Now what?  What was learned during this crisis?  Huffman Engineering recommends the following security precautions to help prevent not just cybersecurity attacks, but to mitigate a variety of potential negative security events to your mission-critical systems.

  1. Backups!  Ensure systems are backed up on a regular basis.  Image all hard drives, backup virtual machines, and store configurations and programs on a non-Windows based file server.  No matter how secure you think your defense is, prevention is never 100% so backups are key to a quick and painless recovery.
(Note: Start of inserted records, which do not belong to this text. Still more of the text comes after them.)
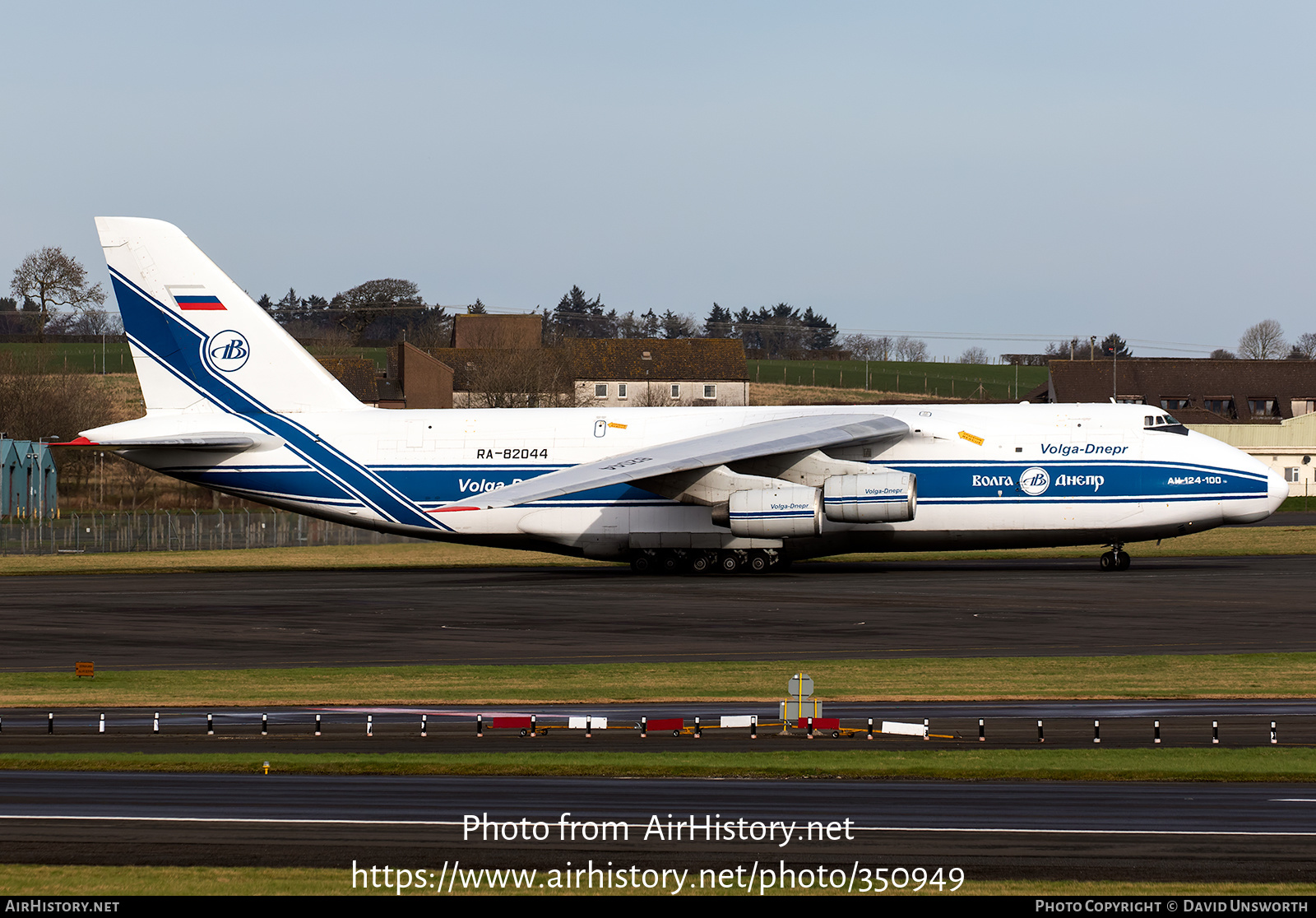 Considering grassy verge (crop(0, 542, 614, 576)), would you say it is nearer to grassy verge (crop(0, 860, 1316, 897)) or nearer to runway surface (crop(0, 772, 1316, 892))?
runway surface (crop(0, 772, 1316, 892))

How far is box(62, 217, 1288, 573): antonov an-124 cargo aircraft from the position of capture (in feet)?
123

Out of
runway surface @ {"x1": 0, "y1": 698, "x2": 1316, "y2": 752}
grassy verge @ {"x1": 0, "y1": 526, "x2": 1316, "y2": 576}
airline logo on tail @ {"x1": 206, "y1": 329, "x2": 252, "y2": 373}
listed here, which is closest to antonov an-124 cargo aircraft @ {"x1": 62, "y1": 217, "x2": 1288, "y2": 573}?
airline logo on tail @ {"x1": 206, "y1": 329, "x2": 252, "y2": 373}

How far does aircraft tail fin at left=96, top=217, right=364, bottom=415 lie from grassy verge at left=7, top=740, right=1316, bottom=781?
87.9ft

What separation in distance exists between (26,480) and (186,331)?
42.7 meters

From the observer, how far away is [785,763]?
46.9ft

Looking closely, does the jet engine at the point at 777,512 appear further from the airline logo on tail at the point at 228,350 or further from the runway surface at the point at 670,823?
the runway surface at the point at 670,823

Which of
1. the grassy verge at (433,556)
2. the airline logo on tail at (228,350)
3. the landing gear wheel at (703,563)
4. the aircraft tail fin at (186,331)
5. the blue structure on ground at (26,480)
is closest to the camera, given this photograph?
the landing gear wheel at (703,563)

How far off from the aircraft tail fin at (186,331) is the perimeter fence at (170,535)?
14752 mm

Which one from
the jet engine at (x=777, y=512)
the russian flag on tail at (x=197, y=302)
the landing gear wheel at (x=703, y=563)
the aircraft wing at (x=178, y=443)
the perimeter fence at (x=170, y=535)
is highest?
the russian flag on tail at (x=197, y=302)

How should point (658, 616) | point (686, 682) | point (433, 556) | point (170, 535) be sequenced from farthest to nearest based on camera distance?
1. point (170, 535)
2. point (433, 556)
3. point (658, 616)
4. point (686, 682)

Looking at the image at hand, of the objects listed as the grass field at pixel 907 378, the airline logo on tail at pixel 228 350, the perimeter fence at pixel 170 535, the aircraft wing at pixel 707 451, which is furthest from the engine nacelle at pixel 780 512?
the grass field at pixel 907 378

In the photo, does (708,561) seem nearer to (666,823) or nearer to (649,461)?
(649,461)

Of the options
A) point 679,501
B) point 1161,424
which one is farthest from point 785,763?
point 1161,424

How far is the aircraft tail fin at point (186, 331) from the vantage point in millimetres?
40844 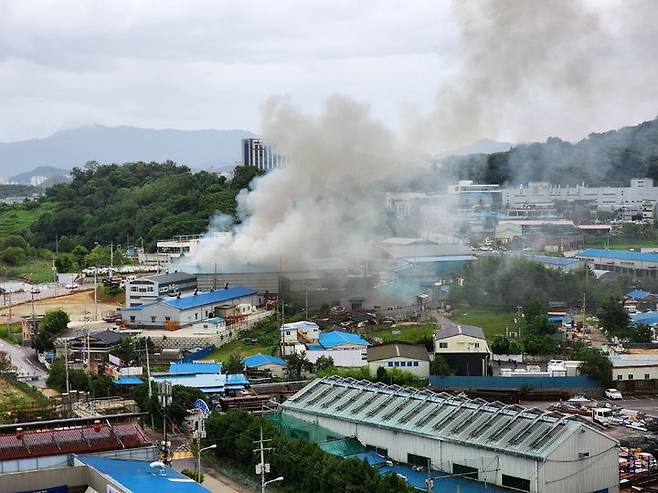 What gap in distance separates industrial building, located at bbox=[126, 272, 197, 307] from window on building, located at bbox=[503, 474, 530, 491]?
55.6 ft

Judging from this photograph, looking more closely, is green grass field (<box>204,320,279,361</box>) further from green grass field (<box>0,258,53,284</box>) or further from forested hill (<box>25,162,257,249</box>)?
forested hill (<box>25,162,257,249</box>)

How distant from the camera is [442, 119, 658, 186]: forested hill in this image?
50.2 m

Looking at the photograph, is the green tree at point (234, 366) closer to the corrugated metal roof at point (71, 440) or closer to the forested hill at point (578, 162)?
the corrugated metal roof at point (71, 440)

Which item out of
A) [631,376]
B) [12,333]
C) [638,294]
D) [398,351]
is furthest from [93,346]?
[638,294]

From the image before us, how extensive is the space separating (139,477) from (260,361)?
1054cm

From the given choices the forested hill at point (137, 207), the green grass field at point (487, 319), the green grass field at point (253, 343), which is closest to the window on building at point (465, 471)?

  2. Keep Windows-based systems up to date with the latest patches.  In the industrial control systems world, some applications don’t play nicely with every update, so it may not be possible to apply them all.  This particular attack was patched by Microsoft update MS17-010 which was released on March 14, 2017.  Disabling and/or removing the Server Message Block version 1 (SMBv1) networking protocol accomplishes the same action as the patch. If you have an app or hardware device that requires SMBv1, it’s probably time to ditch it.  Too busy or don’t know how?  Consider a service agreement with Huffman Engineering to help you keep your data backed up and secure.
  3. Consider installing antivirus software. If it’s already installed, make sure it’s up to date.  Only 16 out of 61 endpoint antivirus software packages were able to detect this particular ransomware according to VirusTotal, so consider a non-signature based antivirus package such as Cylance.
  4. Consider keeping your control system computers off the internet.  Sometimes that isn’t practical, especially with the emerging IOT/IIOT protocol.  If the control systems are connected to the internet, protect the SFN with a firewall.  Don’t allow the use of control system computers for personal ‘internet surfing’ or checking email.  Need remote access?  Use VPN for secure remote access.
  5. If possible, do not reuse passwords.  It’s very common for all machines on the network to have the same local administrator password.  How safe is that?  Once a shared password is compromised (especially if it has administrator rights) an attack has the ability to propagate broadly.  Although it may be inconvenient, consider using different local administrator passwords.
  6. Implement least-privilege administrative models.  In other words, don’t put every domain user in the domain administrator group.  Users should log on with a user account that has the absolute minimum permissions necessary to complete the current task and nothing more.
  7. Develop a relationship with a control systems integrator.  Another set of eyes that knows your automation systems inside and out is an asset.  While there are many integrators out there, finding a certified CSIA (Control System Integrators Association) integrator to partner with can be a great advantage.  The CSIA certification provides an extra level of assurance that your control systems integrator is operating a well-managed and stable business.  Integrators with CSIA certification have been audited for their processes and adhere to best practices that reduce risk and contribute to successful partnerships with their clients.

Cyberattacks on industrial control systems are a nightmare, no question.  Imagine going through the recovery process on your own; it’s probably your worst nightmare.  In this particular case, the expertise of CSIA-certified Huffman Engineering and the trusted partnership with their customer led to a quick and successful recovery of their mission-critical industrial control systems…and a better night’s sleep for all.